Public lecture to discuss ecology and conservation in Great Bear Rainforest
A public lecture titled Marine-fuelled Ecosystems of the Great Bear Rainforest will take place at Memorial University.
Professor John Reynolds holds a Research Chair in aquatic conservation at Simon Fraser University. He has served in a variety of scientific advisory roles and is a member of the Committee on the Status of Endangered Wildlife in Canada (COSEWIC), which makes recommendations for protection under Canada’s Species at Risk Act.
He will deliver his lecture on Thursday, Sept. 26.
“British Columbia’s Great Bear Rainforest is one of the last truly wild ecosystems in North America,” said Prof. Reynolds. “ A prominent feature of this maritime rainforest is the interwoven connections between salmon and large carnivores such as bears and wolves. Nutrients from salmon carcasses left behind by these predators can be traced through freshwater and terrestrial food webs, with impacts ranging from aquatic insects to streamside plants and birds.
“This presentation will explore both ecological and conservation implications of these connections between forest, rivers and the sea. When bears and wolves kill salmon, they leave behind carcasses that serve as fertilizer for streams and forests. We have only recently begun to discover how these nutrients, which the salmon acquire while they are at sea, affect the diversity of plants and wildlife in the surrounding forests.”
This lecture marks the 16th Elizabeth R. Laird Lecture hosted by Memorial University. The Laird Lecture was established by a bequest from Dr. Elizabeth Laird, a prominent Canadian physicist who held posts at Yale, Cambridge, Chicago, Mount Holyoke and Western Ontario in the first half of the 20th Century.
The lecture begins at 7 p.m. in the Bruneau Centre for Research and Innovation (IIC-2001) on the St. John’s campus.
Dr. Reynolds has also agreed to give a research seminar in the Biology/Ocean Sciences seminar series titled The Ecology of Extinction Risk in Fish.

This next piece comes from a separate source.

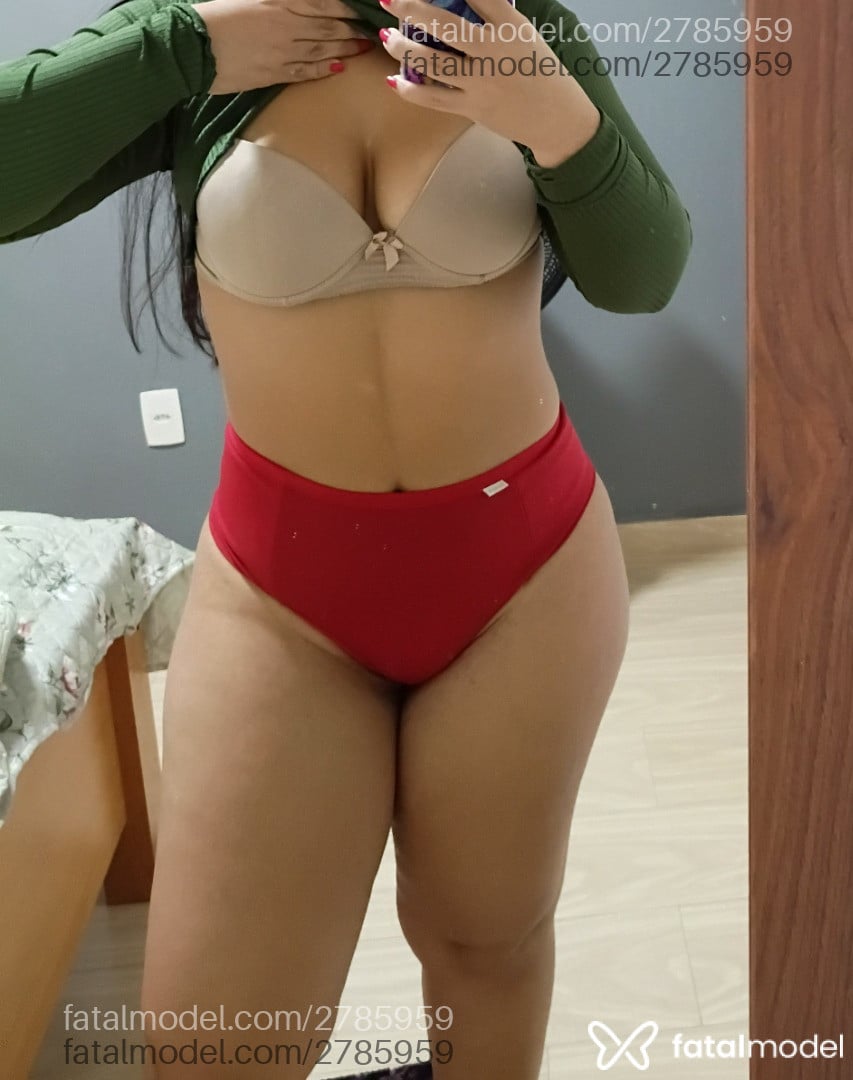 Acompanhante mulher morena (o) de olhos pretos em Virtual - Book Rosa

“Fish species are arguably one of the most threatened classes of vertebrates,” he said. “But attempts to classify the risk of extinction are often highly controversial, especially for marine species. I will explore the potential for life history traits and ecological characteristics of species to predict vulnerability, through connections with population dynamics.”
“Contrasts between marine and freshwater fishes match new research on birds, mammals, and reptiles,” he added. “These findings help illuminate current controversies concerning the vulnerability of fishes to extinction, including claims that fish cannot be assessed with the same risk criteria as those used for other taxa. More generally, the studies reveal the benefits as well as limitations in using life histories and ecology for prioritizing species in conservation assessments, including those used in Canada and internationally.”
The research seminar will take place Sept. 27 at 4 p.m. in SN-206.